Problem statement:
Could you write out, exactly as they stand, only the lines in the listing below from the line with "leaf light forest" to the line with "猫好きにおすすめの犬種8選！クールで独立心が強い猫のような犬とは？", both ends included, without the pictures?

Exercise material:

▽

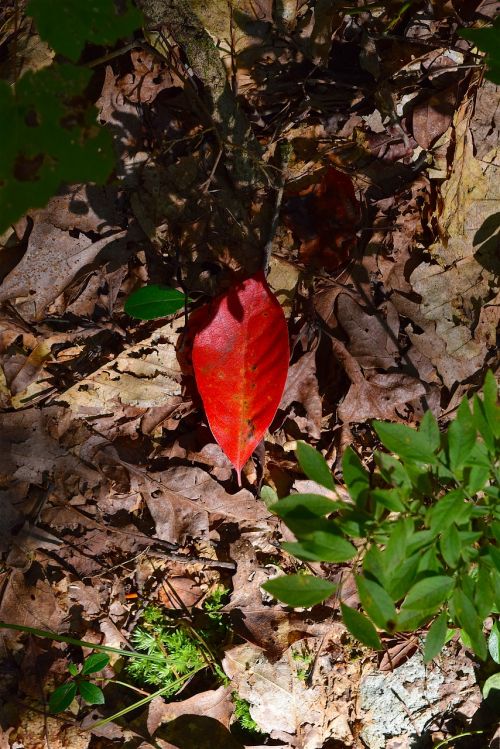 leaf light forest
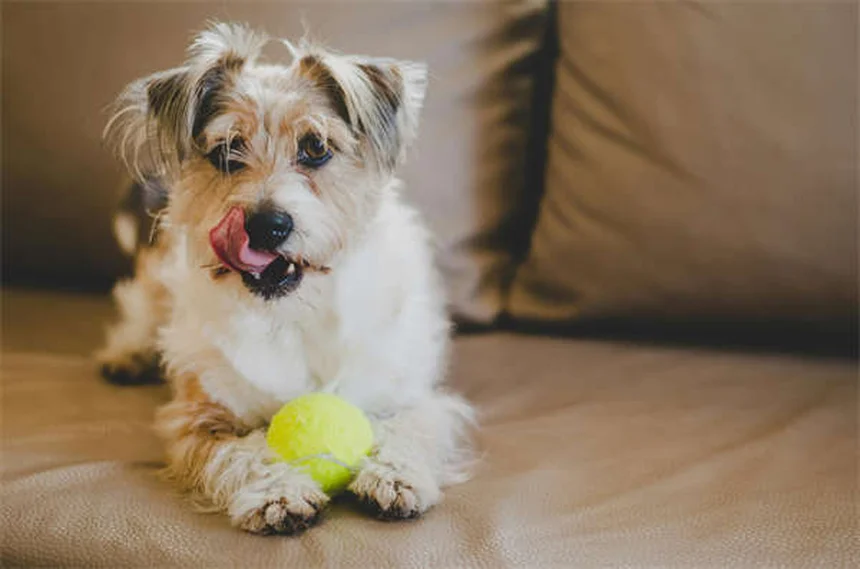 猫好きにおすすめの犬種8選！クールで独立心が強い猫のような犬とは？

△
▽

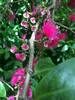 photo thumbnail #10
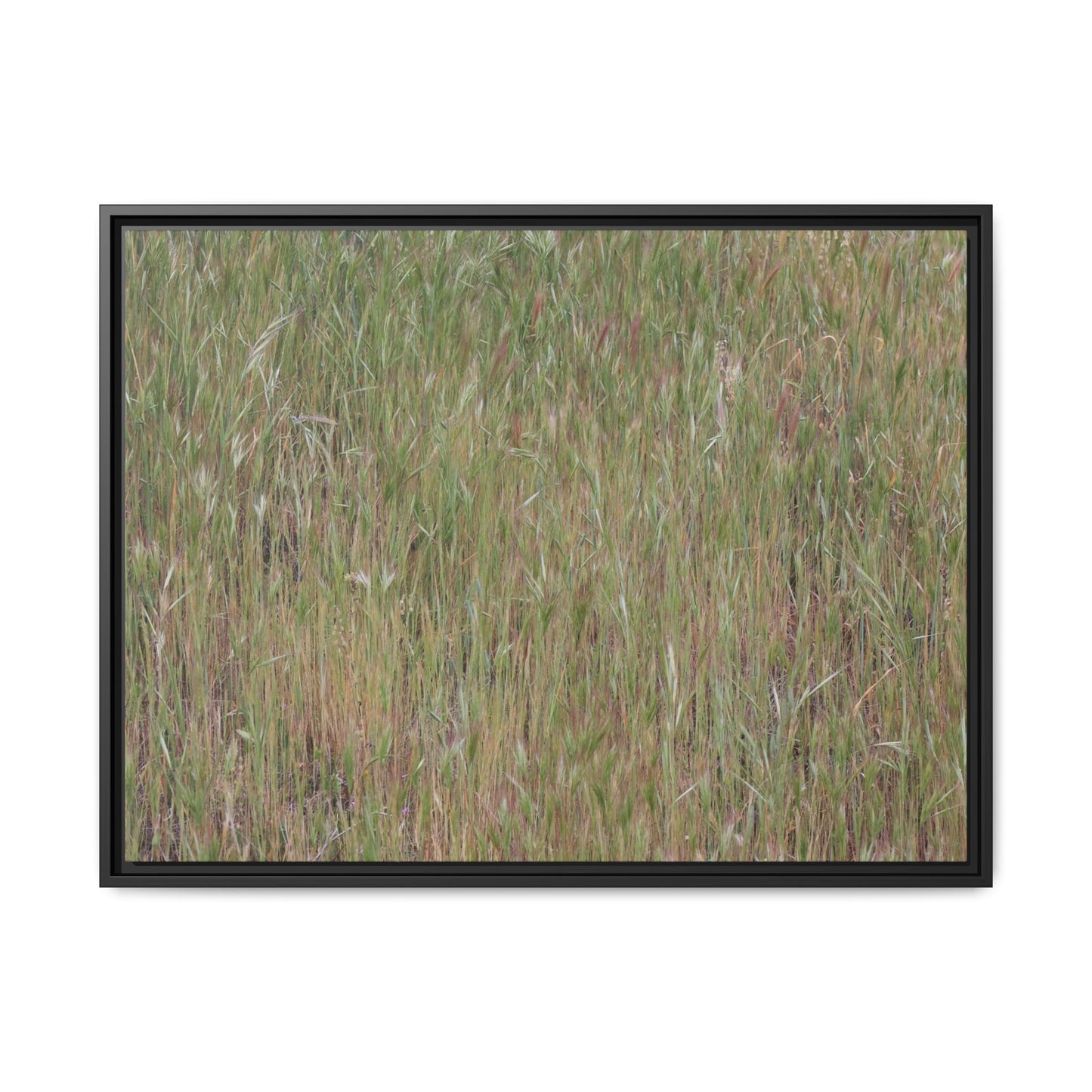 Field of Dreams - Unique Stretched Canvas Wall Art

△

Answer space:
 leaf light forest
 猫好きにおすすめの犬種8選！クールで独立心が強い猫のような犬とは？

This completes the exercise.